Monday, June 3, 2013

Rain & 'The Killing'

It was raining hard... long... with no end in sight. Like thieves in the night, we fled the scene tired of being drenched, hungry, and held captive. Only... it was mid day and I'll tell you more about it later... much later.

Sounds like the beginning of a thriller novel, but it isn't; the event did happen.

Question is: Why would something long buried come to the surface now?

Could be: I'm watching too many murder mysteries, something to do with the weather, or 'Scorpio' prominently positioned in my natal chart. 'Yo', it could be any number of things.

Thing is... I AM watching too many 'whodunits' (slash) detective shows: 'DCI Banks', 'Scott & Bailey', 'Elementary', 'Top of the Lake', to name a few, but none of them as intensely as 'The Killing'. In less than a week, Michael and I watched both Seasons 1 and 2 (26 episodes) making it my favorite program of all time, tied only with 'MI-5', the British spook (spy) series, sadly no longer being aired.

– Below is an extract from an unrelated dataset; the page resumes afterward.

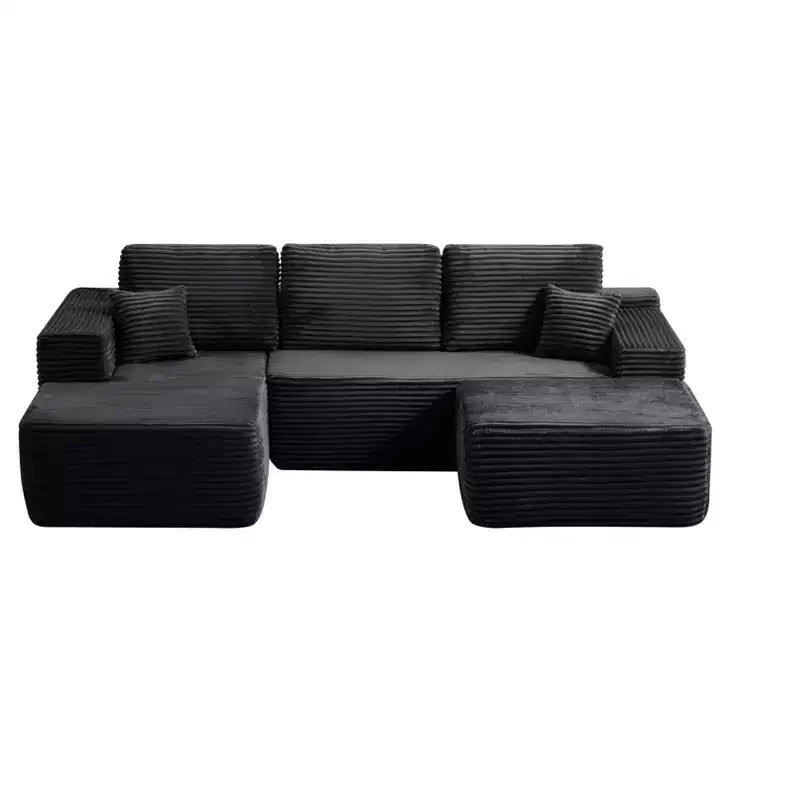 105.7Cloud Sectional Sofa,U-Shaped Chaise,Deep Seat,Plush Fabric,No Assembly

But no sad tears here... last night 'The Killing' returned with Season 3 on AMC.

If... I can just hold out and wait for the DVD's to be available on Netflix or Xfinity's 'On Demand'. Then I can watch the entire season in one long clip, easily following the show's many twists and turns... instead of being fed small doses, one episode every seven days, and forgetting what took place the previous week. But for me, 'Little Miss Has To Have Everything Now!', that's a pretty BIG, IF.

If not 'crime scene investigations', maybe it's the weather, the rain, rain and more rain we've been getting that's contributing to this flashback of 'fleeing a scene drenched and hungry'.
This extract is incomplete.